Being a good storyteller is a great trait to have if you are working in TV news. We all need to be able to tell stories to succeed in this business. The one thing we can’t do is tell stories to ourselves.

Most of us have an inner commentary about our lives that is constantly playing out in our minds. The stories can be pretty simple.

You can have a story in your head about how the news director doesn’t like you. Your story could be about how other anchors are favored and given more reads and relevant assignments. You may have a story about why you are stuck on the weekends when others keep jumping ahead of you to Monday-Friday shifts. We all do this and many of us don’t realize it.

The problem with these mental stories is they are not often backed up by actual facts and they can affect your happiness.

Does your news director really dislike you or is it just a matter of her not paying you enough attention? I’ve seen reporters go into a complete tailspin when a news director failed to compliment a story.

Do you think she didn’t like it? What if I never get another good assignment? What if I never get another good assignment and then never move to a bigger market? Is my career over?! My career is probably over!!!

The reporter is taking a story and running with it without the basic facts. I assure you, if the ND didn’t say anything about your story, that’s because it was fine and it met expectations. Or she didn’t even see it because she was stuck in a budget meeting and wasn’t watching the newscast. If you knew these facts you would likely feel foolish about the massive story you’ve been telling yourself.

The key is to recognize when you get lost in what is truly storytelling in your brain. When you recognize it you should try to identify the actual facts. You are a journalist, so presumably you can tell the difference between fact and fiction…I hope!

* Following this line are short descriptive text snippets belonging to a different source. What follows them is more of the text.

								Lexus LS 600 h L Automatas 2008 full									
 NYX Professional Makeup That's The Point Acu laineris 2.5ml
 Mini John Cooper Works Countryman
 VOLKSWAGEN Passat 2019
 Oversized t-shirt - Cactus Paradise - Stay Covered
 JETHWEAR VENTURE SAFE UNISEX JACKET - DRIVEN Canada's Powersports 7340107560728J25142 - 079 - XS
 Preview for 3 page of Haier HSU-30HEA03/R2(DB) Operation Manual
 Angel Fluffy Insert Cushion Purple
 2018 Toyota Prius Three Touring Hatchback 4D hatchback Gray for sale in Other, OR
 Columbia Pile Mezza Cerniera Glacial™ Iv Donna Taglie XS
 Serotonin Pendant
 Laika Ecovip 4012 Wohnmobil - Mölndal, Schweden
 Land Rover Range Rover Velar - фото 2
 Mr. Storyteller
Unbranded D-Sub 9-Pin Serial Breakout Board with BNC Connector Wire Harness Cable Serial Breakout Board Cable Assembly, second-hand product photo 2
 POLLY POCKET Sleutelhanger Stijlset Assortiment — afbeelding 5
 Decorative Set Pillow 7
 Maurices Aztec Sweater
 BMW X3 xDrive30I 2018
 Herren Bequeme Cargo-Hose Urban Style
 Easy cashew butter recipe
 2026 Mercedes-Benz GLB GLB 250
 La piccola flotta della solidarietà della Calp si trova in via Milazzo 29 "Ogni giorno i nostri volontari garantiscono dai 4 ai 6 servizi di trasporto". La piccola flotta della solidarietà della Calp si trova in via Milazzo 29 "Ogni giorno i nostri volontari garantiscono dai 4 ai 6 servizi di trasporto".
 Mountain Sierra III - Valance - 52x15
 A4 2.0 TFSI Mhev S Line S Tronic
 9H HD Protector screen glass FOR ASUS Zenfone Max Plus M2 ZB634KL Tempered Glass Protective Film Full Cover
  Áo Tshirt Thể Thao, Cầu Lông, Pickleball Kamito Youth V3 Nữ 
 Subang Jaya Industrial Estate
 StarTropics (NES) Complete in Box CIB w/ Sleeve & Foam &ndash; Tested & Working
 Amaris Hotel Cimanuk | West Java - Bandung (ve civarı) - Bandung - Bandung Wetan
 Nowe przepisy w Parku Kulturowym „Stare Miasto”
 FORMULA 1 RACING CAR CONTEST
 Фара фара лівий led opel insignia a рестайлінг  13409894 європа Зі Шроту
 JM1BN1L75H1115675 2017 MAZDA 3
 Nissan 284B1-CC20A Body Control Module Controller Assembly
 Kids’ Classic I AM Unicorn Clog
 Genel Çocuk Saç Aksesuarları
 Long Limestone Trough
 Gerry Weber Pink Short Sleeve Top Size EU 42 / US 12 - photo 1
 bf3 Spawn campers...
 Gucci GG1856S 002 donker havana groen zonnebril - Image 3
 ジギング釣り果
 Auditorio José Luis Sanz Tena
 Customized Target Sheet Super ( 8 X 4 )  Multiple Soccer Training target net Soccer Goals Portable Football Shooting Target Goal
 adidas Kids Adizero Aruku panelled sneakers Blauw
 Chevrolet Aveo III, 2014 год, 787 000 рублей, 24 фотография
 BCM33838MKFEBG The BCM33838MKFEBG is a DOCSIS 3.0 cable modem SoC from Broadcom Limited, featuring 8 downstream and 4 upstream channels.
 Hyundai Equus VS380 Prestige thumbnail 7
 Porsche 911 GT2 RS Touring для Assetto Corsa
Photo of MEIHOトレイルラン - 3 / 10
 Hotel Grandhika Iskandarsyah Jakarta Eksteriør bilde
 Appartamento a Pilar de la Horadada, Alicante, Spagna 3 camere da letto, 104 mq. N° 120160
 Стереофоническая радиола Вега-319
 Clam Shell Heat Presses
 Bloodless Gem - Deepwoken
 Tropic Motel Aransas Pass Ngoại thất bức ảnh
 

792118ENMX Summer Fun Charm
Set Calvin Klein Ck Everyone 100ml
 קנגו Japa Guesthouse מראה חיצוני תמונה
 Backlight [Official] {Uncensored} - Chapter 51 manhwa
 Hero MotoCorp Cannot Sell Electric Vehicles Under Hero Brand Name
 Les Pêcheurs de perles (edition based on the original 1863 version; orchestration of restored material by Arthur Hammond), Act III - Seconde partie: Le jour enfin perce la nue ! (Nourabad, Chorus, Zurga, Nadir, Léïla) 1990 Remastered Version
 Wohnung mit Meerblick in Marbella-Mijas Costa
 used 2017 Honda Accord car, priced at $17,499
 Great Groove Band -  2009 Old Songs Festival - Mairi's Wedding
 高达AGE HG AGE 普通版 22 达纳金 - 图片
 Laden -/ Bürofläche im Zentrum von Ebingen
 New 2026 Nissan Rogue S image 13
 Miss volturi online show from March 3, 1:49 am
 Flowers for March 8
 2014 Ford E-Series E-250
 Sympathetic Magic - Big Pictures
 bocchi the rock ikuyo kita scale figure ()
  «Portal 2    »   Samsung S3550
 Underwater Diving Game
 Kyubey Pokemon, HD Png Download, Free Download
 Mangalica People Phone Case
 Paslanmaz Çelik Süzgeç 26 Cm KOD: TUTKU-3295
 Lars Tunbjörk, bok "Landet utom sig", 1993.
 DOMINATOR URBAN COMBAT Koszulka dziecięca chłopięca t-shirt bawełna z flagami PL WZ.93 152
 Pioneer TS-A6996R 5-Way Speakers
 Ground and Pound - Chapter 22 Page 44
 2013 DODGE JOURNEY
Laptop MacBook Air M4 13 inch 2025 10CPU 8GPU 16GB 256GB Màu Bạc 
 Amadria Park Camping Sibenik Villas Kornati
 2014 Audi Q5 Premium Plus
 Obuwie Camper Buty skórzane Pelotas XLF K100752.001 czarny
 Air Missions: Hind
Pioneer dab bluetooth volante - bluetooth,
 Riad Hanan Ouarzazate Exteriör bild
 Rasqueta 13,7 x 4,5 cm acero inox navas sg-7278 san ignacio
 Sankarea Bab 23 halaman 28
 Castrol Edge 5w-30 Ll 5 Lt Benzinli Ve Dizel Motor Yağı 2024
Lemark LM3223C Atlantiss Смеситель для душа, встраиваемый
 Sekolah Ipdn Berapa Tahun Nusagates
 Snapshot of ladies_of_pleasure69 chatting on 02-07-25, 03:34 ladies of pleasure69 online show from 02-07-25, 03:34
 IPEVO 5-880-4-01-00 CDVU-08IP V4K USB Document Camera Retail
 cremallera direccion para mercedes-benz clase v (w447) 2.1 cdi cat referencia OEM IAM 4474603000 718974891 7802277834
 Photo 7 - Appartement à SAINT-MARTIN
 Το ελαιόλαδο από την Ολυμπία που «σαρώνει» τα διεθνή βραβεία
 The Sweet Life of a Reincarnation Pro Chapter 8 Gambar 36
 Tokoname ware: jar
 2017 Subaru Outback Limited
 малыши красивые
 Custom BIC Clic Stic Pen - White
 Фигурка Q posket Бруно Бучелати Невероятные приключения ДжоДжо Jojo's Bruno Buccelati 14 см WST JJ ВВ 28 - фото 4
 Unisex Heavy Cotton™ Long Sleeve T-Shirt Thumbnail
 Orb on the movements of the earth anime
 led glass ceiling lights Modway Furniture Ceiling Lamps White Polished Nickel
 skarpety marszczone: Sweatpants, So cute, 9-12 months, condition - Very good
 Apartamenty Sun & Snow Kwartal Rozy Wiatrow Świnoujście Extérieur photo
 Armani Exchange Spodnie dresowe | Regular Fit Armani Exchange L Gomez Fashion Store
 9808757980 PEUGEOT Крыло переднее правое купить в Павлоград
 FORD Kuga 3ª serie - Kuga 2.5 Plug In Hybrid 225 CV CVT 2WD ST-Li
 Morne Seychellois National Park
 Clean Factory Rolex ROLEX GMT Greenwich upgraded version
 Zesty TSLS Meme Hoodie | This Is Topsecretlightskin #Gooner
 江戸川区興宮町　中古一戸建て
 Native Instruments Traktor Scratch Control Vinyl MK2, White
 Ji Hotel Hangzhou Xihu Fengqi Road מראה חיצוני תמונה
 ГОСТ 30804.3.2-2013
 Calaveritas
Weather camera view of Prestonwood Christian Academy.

Once you recognize the facts, it’s easier to stop the story.

 

“Nothing fools you better than the lie you tell yourself.”
-Teller, Magician

 

Most of the time when you stop the story, you can relax. If you can’t relax then you should try to explore the facts. Ask your news director for a meeting to discuss the PKG she didn’t seem to notice. This meeting will be a lot more productive than if you start crying 4 months later and ask your ND why she “hates you.”

If you are stuck on weekends, explore the facts. Is it because your boss thinks you like weekends and you seem happy? Is it because your boss thinks you need to improve? Is it because the person who jumped to a M-F gig actually makes less money and is not as valuable? Ask questions to get facts instead of coming up with your own story about what is probably happening.

This is a hard skill to learn but it’s helpful. Try to get a better grasp of what is going on in your brain and save the storytelling for the newscast.